■ PROVIDED INFORMATION ■
- Opening Delimiter -
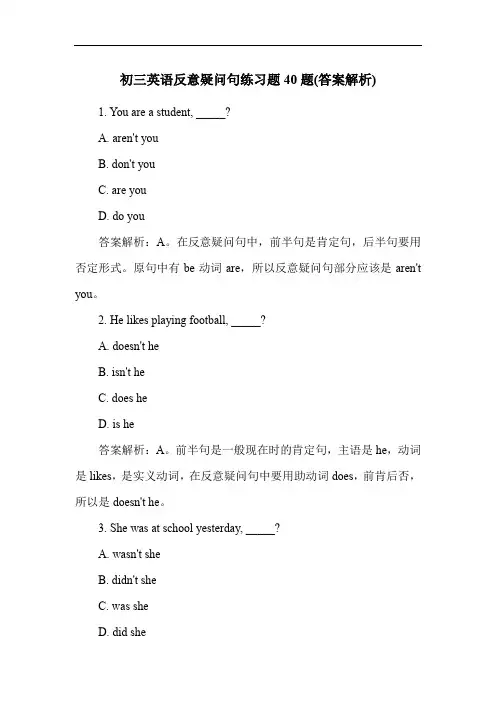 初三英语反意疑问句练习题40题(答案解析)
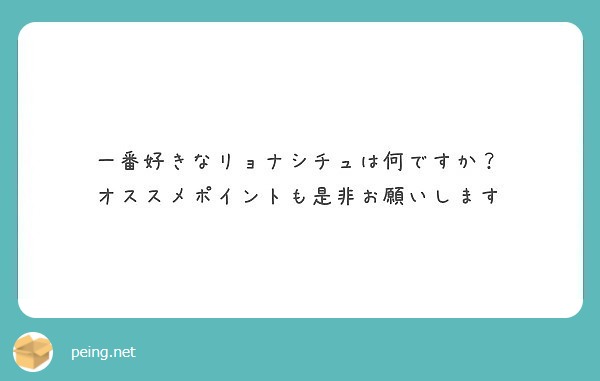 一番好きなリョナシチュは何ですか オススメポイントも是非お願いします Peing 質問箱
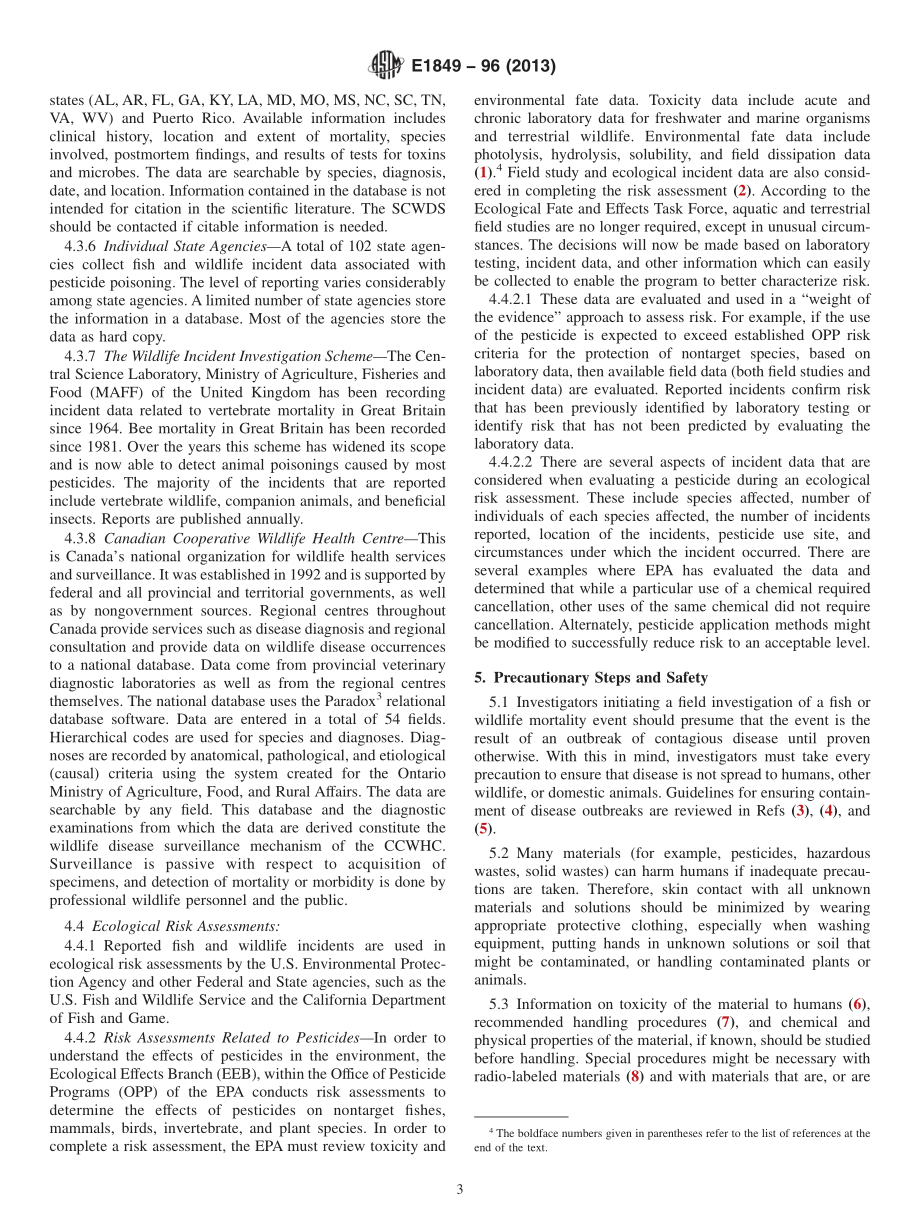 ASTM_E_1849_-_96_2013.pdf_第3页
- Closing Delimiter -
- Opening Delimiter -
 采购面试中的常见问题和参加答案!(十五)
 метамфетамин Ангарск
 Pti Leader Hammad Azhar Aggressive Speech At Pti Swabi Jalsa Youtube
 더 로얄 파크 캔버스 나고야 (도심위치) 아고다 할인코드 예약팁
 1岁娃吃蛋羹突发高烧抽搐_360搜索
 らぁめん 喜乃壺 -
- Closing Delimiter -
- Opening Delimiter -
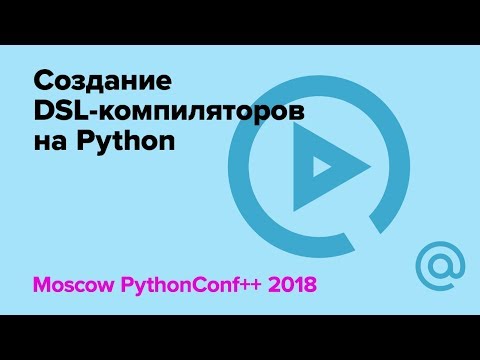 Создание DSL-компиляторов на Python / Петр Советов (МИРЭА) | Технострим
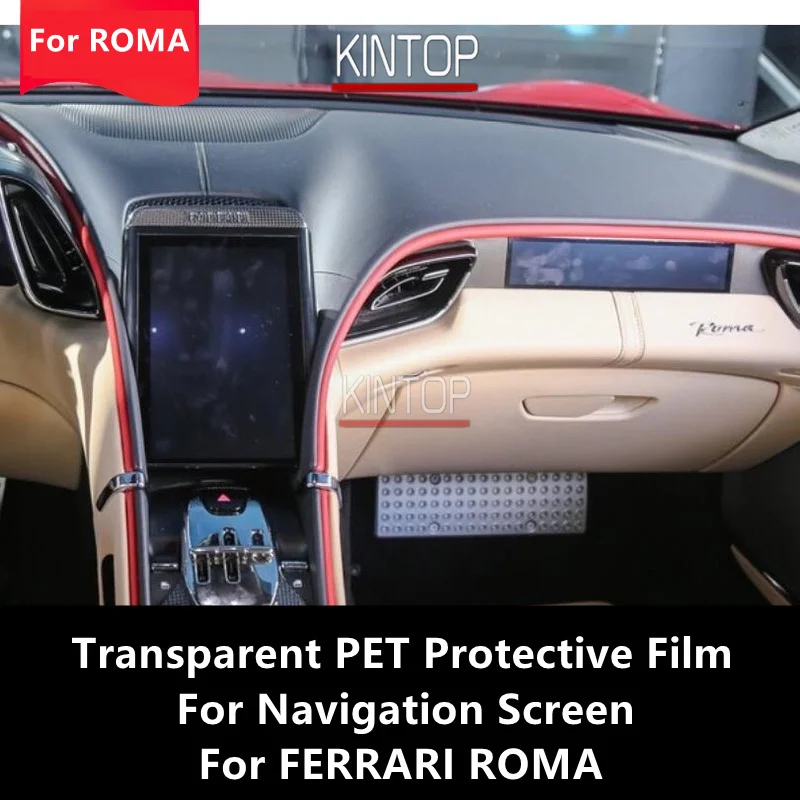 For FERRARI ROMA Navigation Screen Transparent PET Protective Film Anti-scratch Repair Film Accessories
- Closing Delimiter -
Your answer must be the exact lines from the records above, from the one containing "一番好きなリョナシチュは何ですか オススメポイントも是非お願いします Peing 質問箱" through the one containing "ASTM_E_1849_-_96_2013.pdf_第3页", both included, with every picture left out.

 一番好きなリョナシチュは何ですか オススメポイントも是非お願いします Peing 質問箱
 ASTM_E_1849_-_96_2013.pdf_第3页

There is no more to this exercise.